Feb 20, 12
Read from February 17 to 19, 2012
"In the long light of early morning, Hunter circles what remains of a burned house, his nose low and brow furrowed. The night's thick air has begun to lift, and the German Shepherd's movement catches the emerging sun. He is a shining thing against the black of scorched brick, burned timber, and nearby tree charred leafless."

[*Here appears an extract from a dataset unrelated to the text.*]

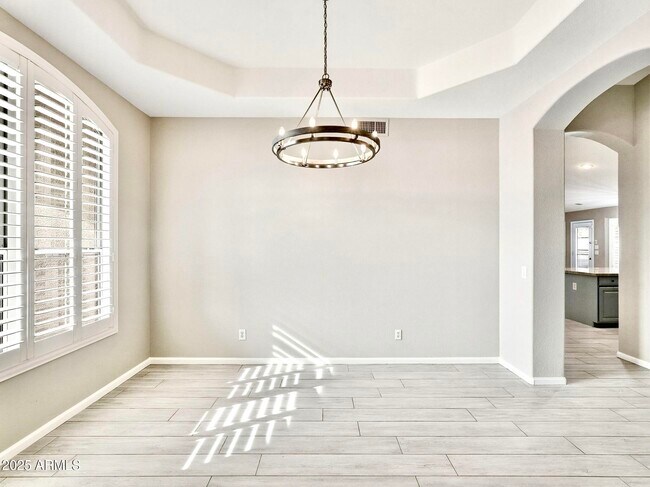 Building Photo - 9926 E Pantera Ave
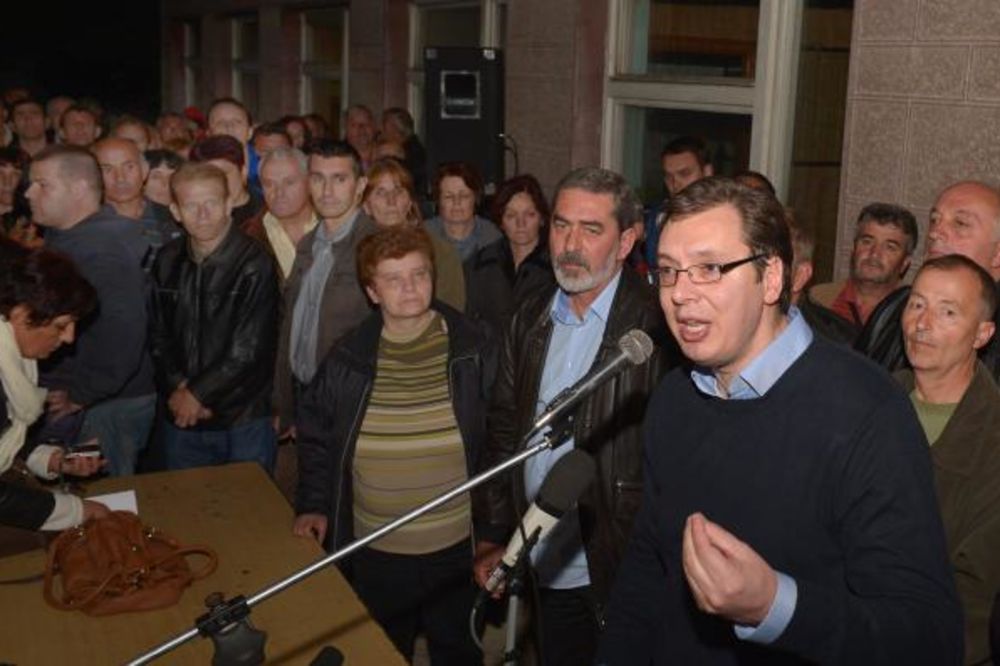 PLATA U UTORAK: Vučić štrajkačima obećao da neće gasiti FAP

Charleson writes so well, I kept looking for a co-writer credit. The book is a nice mix of personal experience, insights into the search and rescue world, and observations on dogs. The story arc is there, loosely, as Charleson trains as an SAR volunteer, then gets a puppy, and trains with the puppy, but, for me, as interesting as the information was, the story did not propel me forward. I didn't feel a real emotional stake/connection. This is probably because I love books about dogs a lot more than books about people relating their internal experiences alongside dogs. The latter is too focused on the person, whereas I love more insight and attention paid to the canine protagonist. For instance, I loved Patricia McConnell's book "The Other End of the Leash," but barely made it through Suzanne Clothier's "Bones Would Rain From the Sky."
"Other nights a blanket of stratiform cloud stretched wide above the little Cessna, and I flew small and secret, like a child with a flashlight under the blanket, flying beneath an eiderdown beautifully up-lit at its edges by the lights of cities on the horizon."